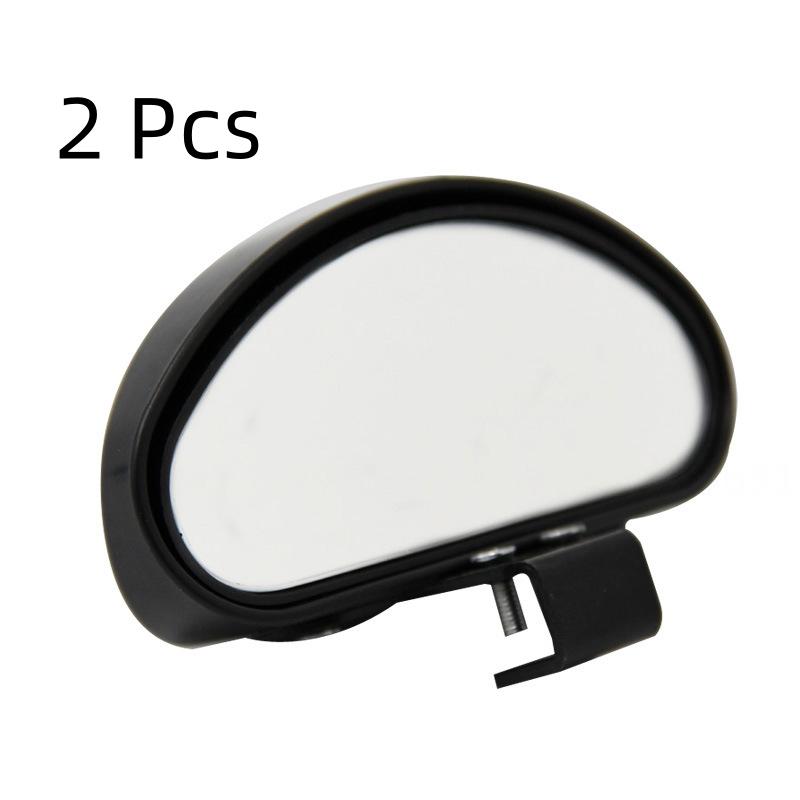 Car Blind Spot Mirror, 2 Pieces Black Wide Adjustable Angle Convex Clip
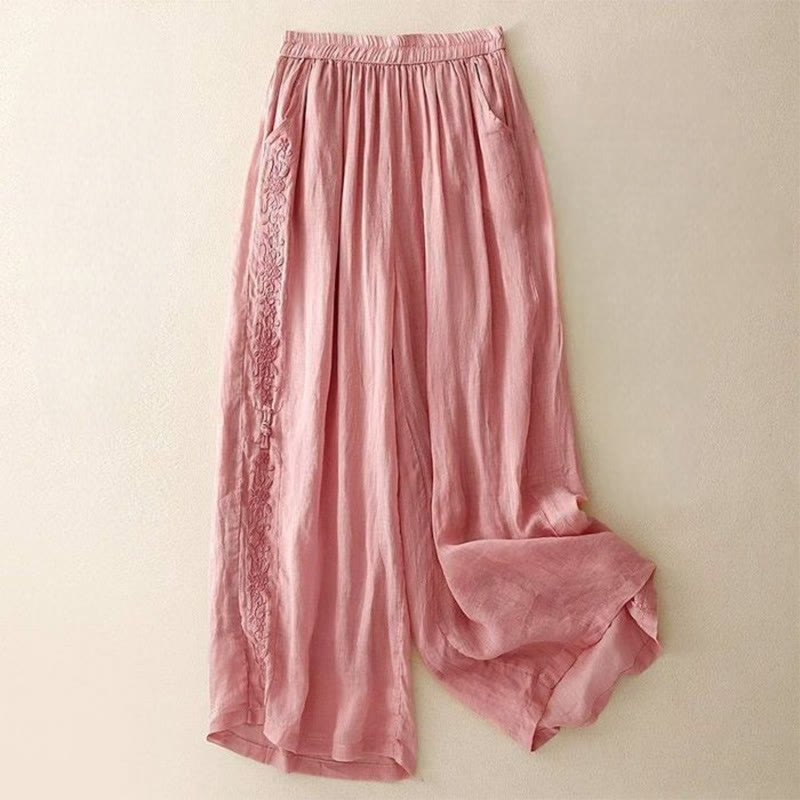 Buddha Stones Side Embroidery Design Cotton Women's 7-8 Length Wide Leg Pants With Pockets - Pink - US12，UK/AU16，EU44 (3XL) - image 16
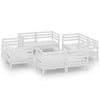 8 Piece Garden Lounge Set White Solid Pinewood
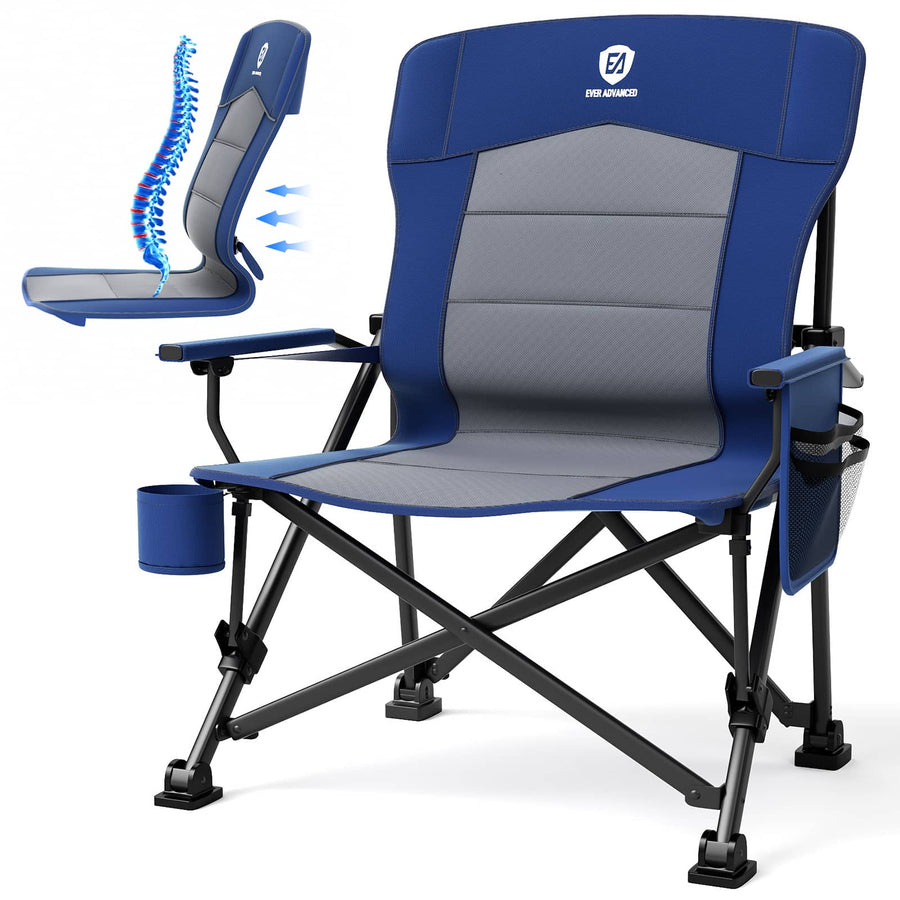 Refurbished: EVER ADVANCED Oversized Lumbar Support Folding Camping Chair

Your task: Line by line, write out the material exactly, leaving the images out.

Result of this exercise:
 Car Blind Spot Mirror, 2 Pieces Black Wide Adjustable Angle Convex Clip
 Buddha Stones Side Embroidery Design Cotton Women's 7-8 Length Wide Leg Pants With Pockets - Pink - US12，UK/AU16，EU44 (3XL) - image 16
 8 Piece Garden Lounge Set White Solid Pinewood
 Refurbished: EVER ADVANCED Oversized Lumbar Support Folding Camping Chair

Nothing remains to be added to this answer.